As the answer, set down the lines below from the one containing "Rebecca Minkoff Tank Top (view 2)" through the one containing "Gympie QLD 4570", exactly and inclusively, and no others.

_Record extracts:_
Content starts
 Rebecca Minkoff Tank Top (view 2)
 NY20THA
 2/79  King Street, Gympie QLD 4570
Content ends
Content starts
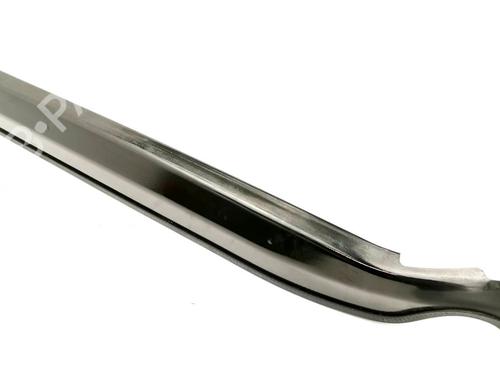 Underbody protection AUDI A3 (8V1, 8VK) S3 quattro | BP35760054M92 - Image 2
Content ends
_Your solution:_
 Rebecca Minkoff Tank Top (view 2)
 NY20THA
 2/79  King Street, Gympie QLD 4570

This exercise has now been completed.